(Problem description) Nothing but an exact copy is wanted: the line with "Mini waffle marioinex" and each line after it in the data below, last line included.

━━━━━ Records supplied ━━━━━

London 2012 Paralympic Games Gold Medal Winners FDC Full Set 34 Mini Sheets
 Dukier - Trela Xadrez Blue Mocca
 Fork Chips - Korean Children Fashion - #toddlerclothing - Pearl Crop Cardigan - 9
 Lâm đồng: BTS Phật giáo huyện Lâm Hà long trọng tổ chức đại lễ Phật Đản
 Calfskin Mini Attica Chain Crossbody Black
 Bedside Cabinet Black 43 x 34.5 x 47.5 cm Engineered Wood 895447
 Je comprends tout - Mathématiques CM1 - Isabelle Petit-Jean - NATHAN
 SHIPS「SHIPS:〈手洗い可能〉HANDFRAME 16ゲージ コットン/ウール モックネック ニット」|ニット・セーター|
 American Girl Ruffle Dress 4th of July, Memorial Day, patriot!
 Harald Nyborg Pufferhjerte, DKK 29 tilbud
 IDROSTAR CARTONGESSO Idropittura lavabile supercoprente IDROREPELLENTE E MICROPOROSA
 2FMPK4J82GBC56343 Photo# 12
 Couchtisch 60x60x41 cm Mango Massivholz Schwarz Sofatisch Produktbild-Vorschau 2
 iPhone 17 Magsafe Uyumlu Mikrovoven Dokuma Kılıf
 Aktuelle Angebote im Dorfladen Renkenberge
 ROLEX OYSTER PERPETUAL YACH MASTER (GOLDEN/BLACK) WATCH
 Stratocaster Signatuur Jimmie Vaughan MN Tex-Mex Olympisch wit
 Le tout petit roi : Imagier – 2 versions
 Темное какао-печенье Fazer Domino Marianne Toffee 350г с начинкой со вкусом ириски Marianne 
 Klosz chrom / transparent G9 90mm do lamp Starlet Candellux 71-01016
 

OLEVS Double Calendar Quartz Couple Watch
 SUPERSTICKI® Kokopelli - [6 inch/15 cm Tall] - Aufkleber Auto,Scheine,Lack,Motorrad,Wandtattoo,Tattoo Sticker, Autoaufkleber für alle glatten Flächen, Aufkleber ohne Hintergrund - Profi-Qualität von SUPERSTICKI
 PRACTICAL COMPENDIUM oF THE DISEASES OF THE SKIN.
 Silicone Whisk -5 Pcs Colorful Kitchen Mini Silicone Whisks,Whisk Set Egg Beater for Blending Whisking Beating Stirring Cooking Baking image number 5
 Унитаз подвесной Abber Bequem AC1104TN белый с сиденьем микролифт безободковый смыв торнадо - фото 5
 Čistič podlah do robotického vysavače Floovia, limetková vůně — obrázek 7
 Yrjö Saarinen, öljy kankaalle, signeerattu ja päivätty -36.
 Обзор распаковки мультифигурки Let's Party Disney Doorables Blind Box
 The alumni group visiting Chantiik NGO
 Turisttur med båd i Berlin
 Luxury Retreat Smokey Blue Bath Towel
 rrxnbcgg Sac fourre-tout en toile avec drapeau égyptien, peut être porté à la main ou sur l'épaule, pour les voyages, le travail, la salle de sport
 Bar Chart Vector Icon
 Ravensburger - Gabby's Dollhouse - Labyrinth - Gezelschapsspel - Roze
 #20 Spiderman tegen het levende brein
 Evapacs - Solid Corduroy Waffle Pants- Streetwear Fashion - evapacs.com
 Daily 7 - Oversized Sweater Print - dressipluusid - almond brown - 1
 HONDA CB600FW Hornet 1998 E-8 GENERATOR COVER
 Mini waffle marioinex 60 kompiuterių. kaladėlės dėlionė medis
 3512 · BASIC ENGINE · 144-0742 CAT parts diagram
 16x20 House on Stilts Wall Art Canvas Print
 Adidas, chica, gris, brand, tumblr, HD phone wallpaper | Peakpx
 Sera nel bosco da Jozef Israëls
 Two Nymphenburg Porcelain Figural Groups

━━━━━

(Finished task)
 Mini waffle marioinex 60 kompiuterių. kaladėlės dėlionė medis
 3512 · BASIC ENGINE · 144-0742 CAT parts diagram
 16x20 House on Stilts Wall Art Canvas Print
 Adidas, chica, gris, brand, tumblr, HD phone wallpaper | Peakpx
 Sera nel bosco da Jozef Israëls
 Two Nymphenburg Porcelain Figural Groups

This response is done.